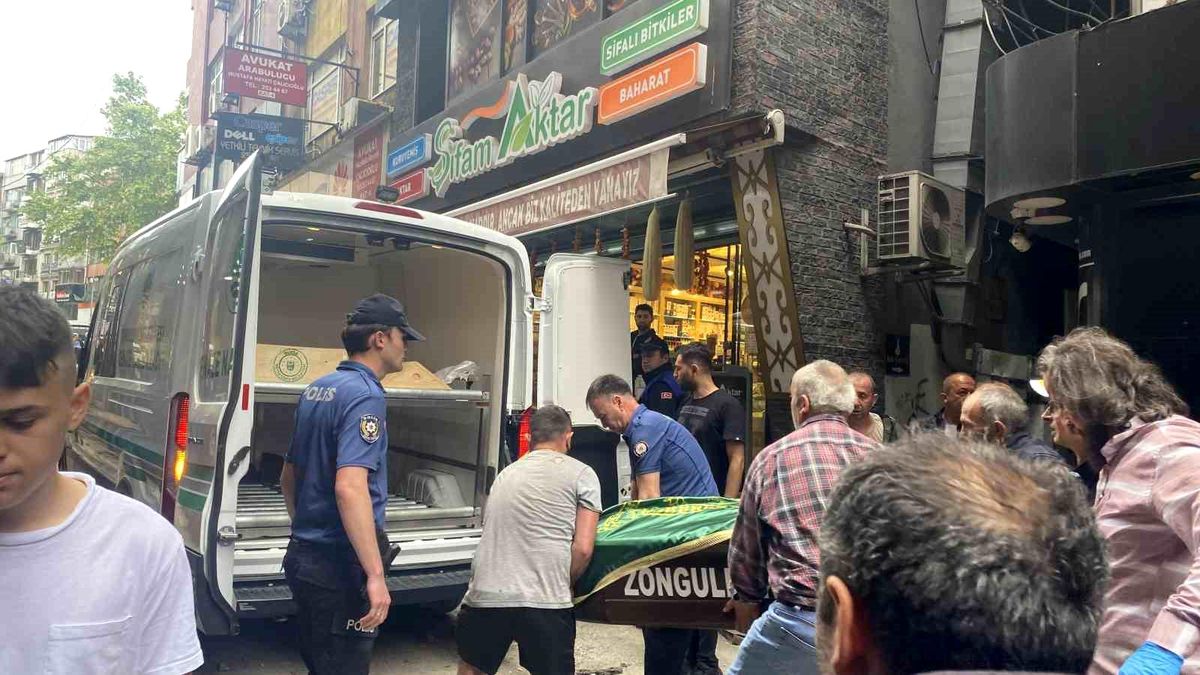 Şakalaşırken silahıyla kendini vuran şahıs hayatını kaybetti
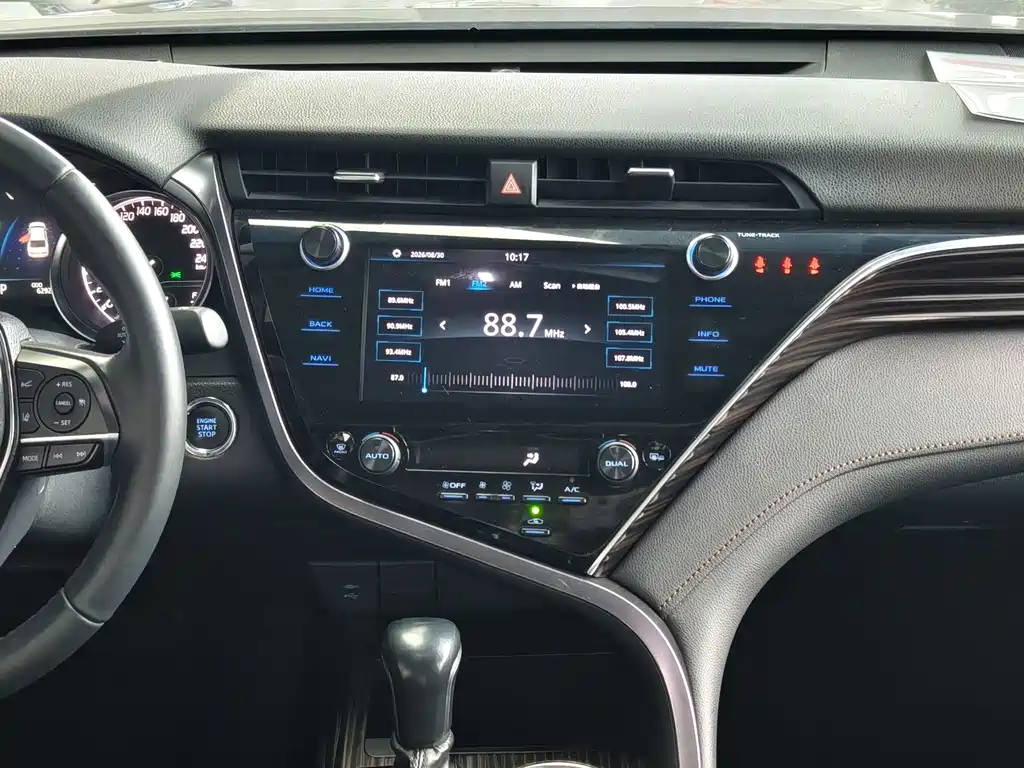 Toyota Camry — миниатюра 11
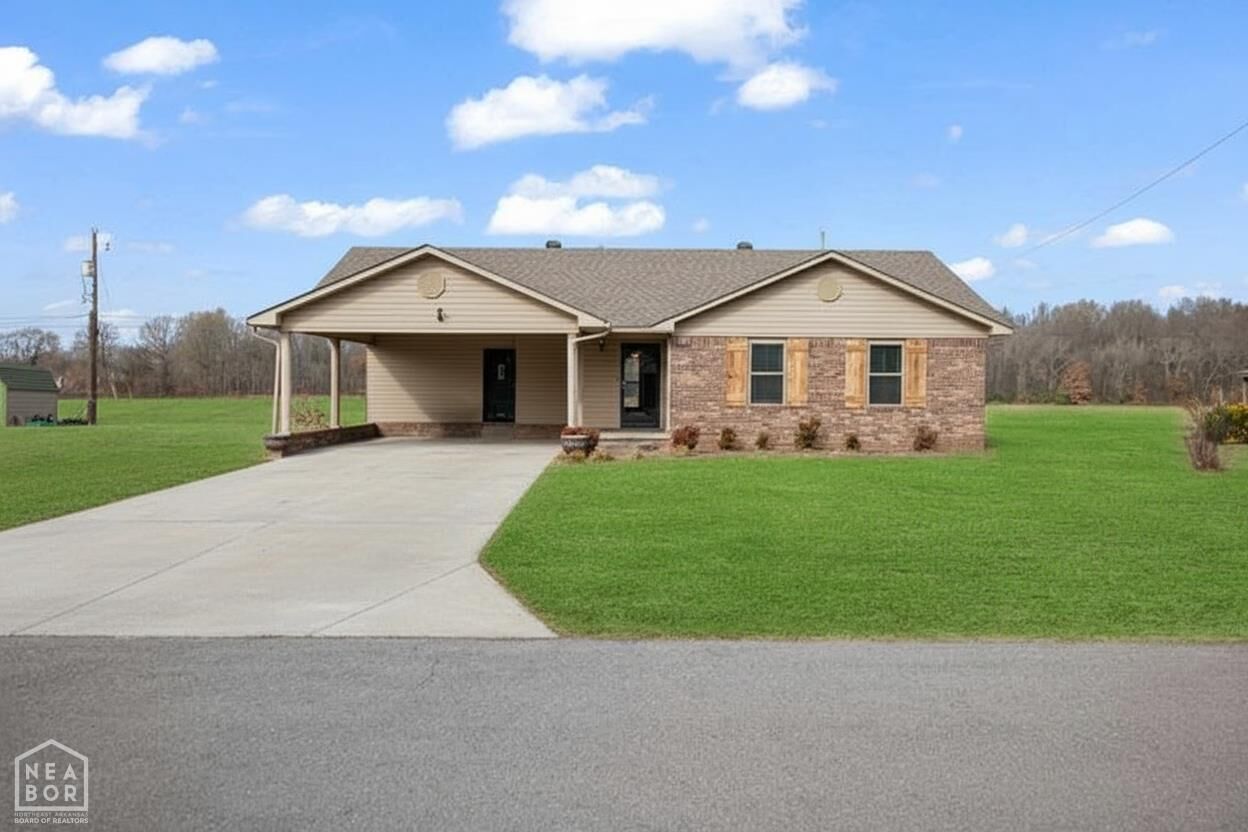 Property Photo: 907 NW 6th Street AR 72476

_TASK DETAILS_. Could you give the material above again, exactly and without its pictures?

_RESULT OF THE EXERCISE_.
 Şakalaşırken silahıyla kendini vuran şahıs hayatını kaybetti
 Toyota Camry — миниатюра 11
 Property Photo: 907 NW 6th Street AR 72476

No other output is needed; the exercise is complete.